This interactive guide is designed to help preservice early childhood educators use self-compassion to mitigate the stress of teaching. Barry argues that learning healthy stress-management strategies while enrolled in teacher education programs will equip students with the resilience needed to manage stress when they enter their own classrooms. The goal is to beat the odds of attrition with higher levels of job satisfaction and fewer instances of burnout. This book includes research findings on the benefits of practicing self-compassion for preservice early childhood teachers, some of the common stressors and challenges teachers experience, and how they have addressed each challenge with self-compassion. Readers are encouraged to respond to writing prompts that address these common challenges and then rate their self-compassion score throughout the text. This is important reading for early care and education students, teacher educators, administrators, and other stakeholders who can make changes to mitigate stressors in their programs and schools.
Book Features:
An interactive text that offers opportunities for readers to engage in specific self-compassionate exercises designed to increase their capacity to manage stress.

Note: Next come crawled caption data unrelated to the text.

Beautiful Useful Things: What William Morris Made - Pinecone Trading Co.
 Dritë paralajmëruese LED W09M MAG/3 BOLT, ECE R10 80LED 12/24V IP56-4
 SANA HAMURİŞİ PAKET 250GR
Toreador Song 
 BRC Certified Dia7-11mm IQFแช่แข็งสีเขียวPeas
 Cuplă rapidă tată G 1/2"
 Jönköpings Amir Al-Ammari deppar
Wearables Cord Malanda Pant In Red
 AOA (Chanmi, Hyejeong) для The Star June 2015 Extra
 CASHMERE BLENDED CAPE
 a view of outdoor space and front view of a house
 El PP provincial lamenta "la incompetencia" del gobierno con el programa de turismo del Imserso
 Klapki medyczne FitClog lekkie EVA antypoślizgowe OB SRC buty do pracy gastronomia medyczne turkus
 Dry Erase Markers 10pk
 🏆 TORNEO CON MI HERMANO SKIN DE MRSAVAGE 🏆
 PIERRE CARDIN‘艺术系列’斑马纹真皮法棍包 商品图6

Research findings from a study that explores interventions aimed at decreasing stress for students in preservice early childhood education programs.
Inspiration in the form of actual self-compassionate letters written by research participants.
Theoretical and practical applications for self-compassion practice to address the stressors preservice teachers often experience.
Experiences and vignettes from the author’s student-teaching journal from his time working as a kindergarten teacher.